Visa ayrıca iki girişim duyurdu: Birincisi, finansal kurumlara pazar uyumunu ve uygulama yollarını değerlendirmede yardımcı olmak için Visa Consulting & Analytics aracılığıyla küresel bir stablecoin danışmanlık hizmetinin başlatılması; ikincisi ise, ABD'li ihraççı ve alıcıların Circle'ın USDC ve Visa ağı aracılığıyla 7/24 ödeme yapabilmelerini desteklemek. Cross River Bank ve Lead Bank hizmeti zaten başlattı ve 2026'da daha fazla kurumun katılması planlanıyor. Topluluk tartışmaları, bu modelin programlanabilir fon yönetimi ve likidite verimliliği üzerindeki etkisine odaklandı ve genel olarak geleneksel ödeme devlerinin blockchain entegrasyonunu hızlandırması için önemli bir adım olarak görülüyor.
Ayrıca, PayPal'ın stablecoin'i PYUSD ve USDAI, stablecoin'ler arasında birlikte çalışabilirliği ve genel likiditeyi iyileştirmeyi amaçlayan bir ortaklık duyurdu.

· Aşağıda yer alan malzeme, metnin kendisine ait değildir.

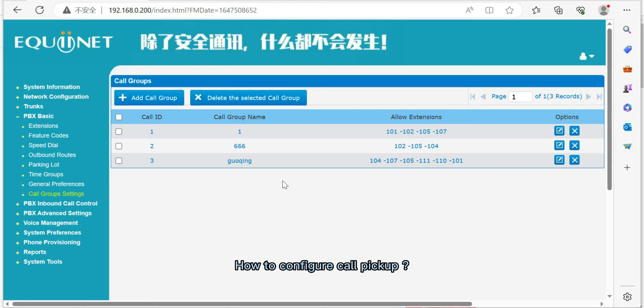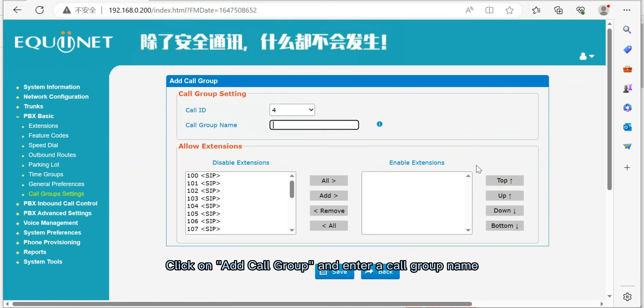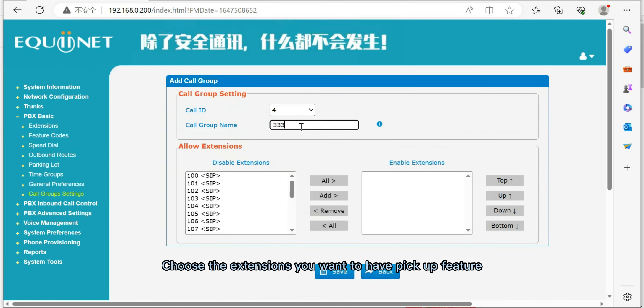How to configure call pickup. First, click on PBX Basic and select call group settings. Click on add call group and enter a call group name. Choose the extensions you want to have pickup feature.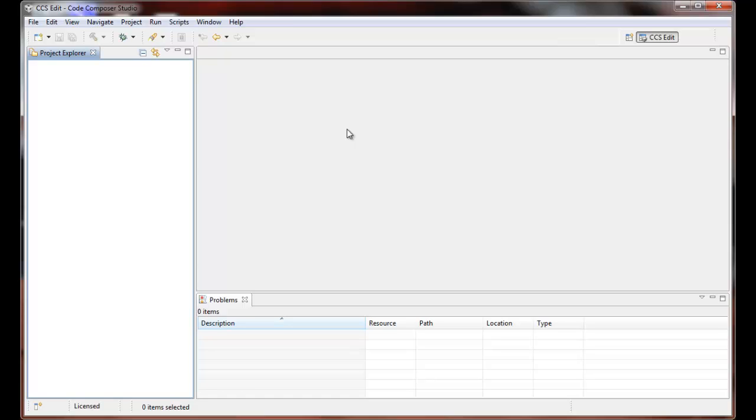Hello, welcome to this Code Composer Studio quick tip video. This video will demonstrate importing projects, and there is in fact a video demonstrating project export which may be of interest.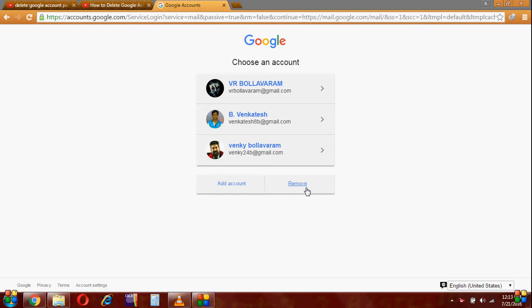Hi guys, this is Ventesh. I am going to show how to delete Google account permanently. Now I am signing into my Gmail account.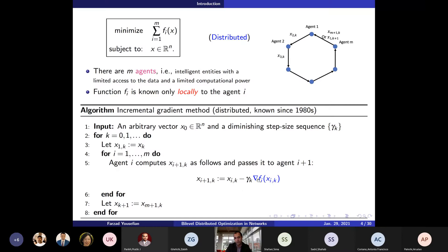As shown in the previous slide, the gradient of f is labeled by i because agents cannot use the whole gradient of f. They have to do a local update and use the local information of function fi. This algorithm, called the incremental gradient method, has had its theory advanced starting in the 80s and it has been an active area of research. Even last year, a recent paper showed some speed of convergence for this algorithm in a specific setting.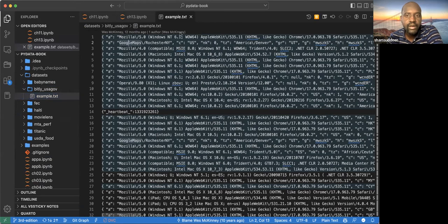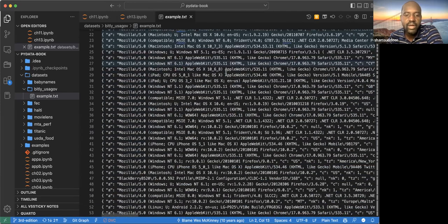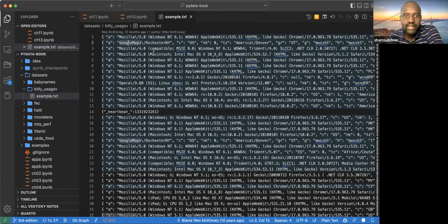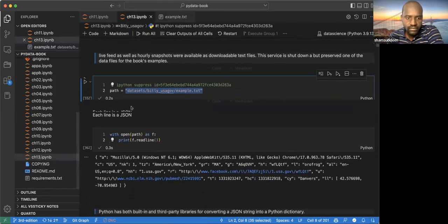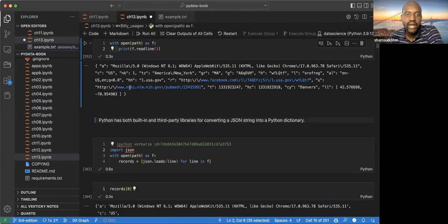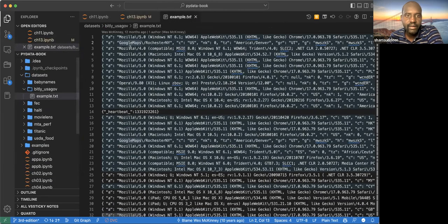We're going to look at how we can read this JSON file, convert it into a data frame, and try to extract some information. Because each line is a JSON object, when we print each line we can see the first one has something like Mozilla, Windows NT, and similar fields.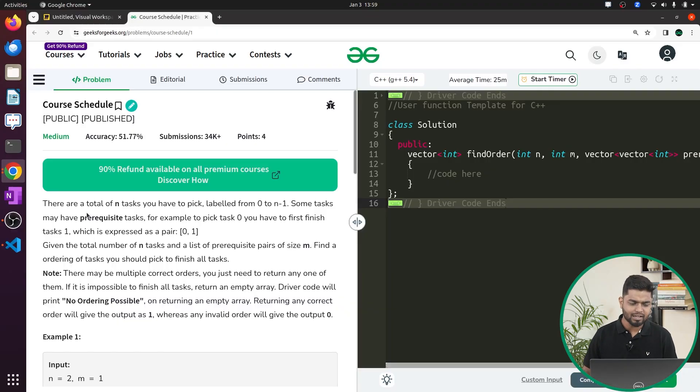In this video we will discuss the problem Course Schedule. Previously this problem has been asked in Google. So let us quickly read what the problem says. Basically in this problem a total number of n tasks will be given to you which you have to pick, and the tasks will be labeled from 0 to n-1.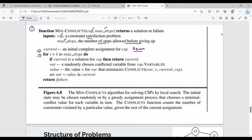For i equal to 1 to max-steps: first, check if the current state is a solution state. If it is a solution, return the state. The variables are x1 to x8. If not a solution, randomly pick a conflicted variable from the CSP — for example, pick x3. The variable is randomly chosen from the conflicted variables.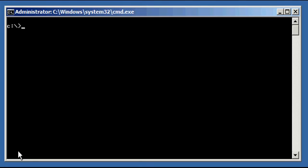Hello, Oracle Database World. This is Justin, and in this Oracle Database Video YouTube Tutorial, I'm going to show you how to perform an incremental backup of an Oracle Database.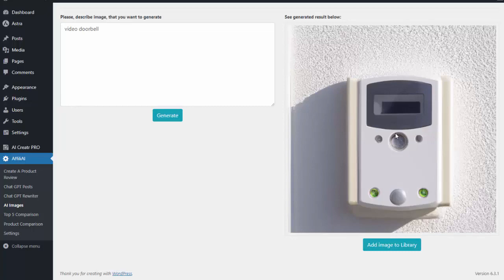And it's all done with just simply entering a keyword and the push of a button, really taking the power of AI and putting it in a format you can use to start earning more commissions. So go ahead, grab your copy of Affiliate AI.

İlgili bilgiler, iki taraf arasında zincirler arası transferler, likidite havuzları ve ödeme senaryosu entegrasyonu gibi alanlarda potansiyel iş birliklerine odaklanmaktadır. Topluluk yorumları genel olarak, bu tür iş birliklerinin farklı ekosistemler arasındaki sürtünme maliyetlerini azaltmaya ve DeFi ve ödeme sistemlerinde stablecoin'lerin sinerjik kullanımını teşvik etmeye yardımcı olduğunu, stablecoin sektöründe tek noktadan rekabetten daha ittifak odaklı bir evrime doğru bir kaymayı yansıttığını öne sürmektedir.